Tuesday, September 9, 2008

one of my favourite songs,

One, you're like a dream come true.
i need to yell out loud now.
give me a break please. a few hours out at night. need to feel the night breeze. gotta feel the support and love. or a long bus ride, even silent bus rides. a talk, a chat. something. anything.


Two, just wanna be with you
WHY ARE YOU SO CRUEL. why are you denying me of every single thing that can keep me going.
i know you're sad but so am i. friends, what are friends? we're not friends. we're simply strangers who always end up hurting each other. if you think asking me to forget helps, can i tell you i've tried damn hard but it didnt work. can i ask you for your help. you said you wont ignore me, you said so.


Three, girl it's plain to see, that you're the only one for me
im sorry im sorry im sorry. i didnt want things to turn out this way. im really sorry. i want you to be who you're before you met me. im sorry, and i really wish apologies can do anything to help. sorry.
im screwing up my life, cca screwed, studies screwed promos are coming, spa what else. and im doing nothing but letting tears run dry.

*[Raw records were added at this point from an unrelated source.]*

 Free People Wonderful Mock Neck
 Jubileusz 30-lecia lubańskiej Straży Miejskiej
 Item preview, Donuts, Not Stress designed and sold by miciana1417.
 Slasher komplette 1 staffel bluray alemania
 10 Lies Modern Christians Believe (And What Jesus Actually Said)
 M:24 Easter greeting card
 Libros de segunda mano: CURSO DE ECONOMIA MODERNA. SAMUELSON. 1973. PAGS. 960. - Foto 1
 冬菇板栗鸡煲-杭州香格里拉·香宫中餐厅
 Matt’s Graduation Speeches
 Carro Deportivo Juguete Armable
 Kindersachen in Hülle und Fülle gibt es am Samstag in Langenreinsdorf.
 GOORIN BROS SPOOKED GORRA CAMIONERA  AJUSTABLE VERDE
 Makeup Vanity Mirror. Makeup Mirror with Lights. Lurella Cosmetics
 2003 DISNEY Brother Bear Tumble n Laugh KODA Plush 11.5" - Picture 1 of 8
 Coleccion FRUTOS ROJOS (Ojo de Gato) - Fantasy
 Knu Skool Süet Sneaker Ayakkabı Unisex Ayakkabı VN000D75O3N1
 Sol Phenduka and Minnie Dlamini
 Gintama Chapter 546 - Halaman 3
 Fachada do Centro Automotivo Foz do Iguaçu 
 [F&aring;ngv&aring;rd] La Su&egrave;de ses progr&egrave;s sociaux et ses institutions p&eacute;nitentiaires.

Four, repeats steps one through three
i hate myself for who i was and i am. i hate you. i hate everything that i've done to make you cry. i hate everything i didnt do to make you smile. i hate myself for being so foolish for being so weak for believing in forever. i hat myself for even being here. i hate this world for its cruelty. i hate time for making people forget, for making everyone's memories fade except mine. i hate myself or being so emotional. i hate myself for enterinf your life. i hate myself for not letting you go. i hate myself for letting things start and end. i hate i hate i hate me cos i am me.rjfihshesoijoef0eq
Five, make you fall in love with me





If ever I believe my work is done,
help, please pleaese.




Then I start back at one.



NOW YOU CAN PRETEND THAT I DONT EXIST.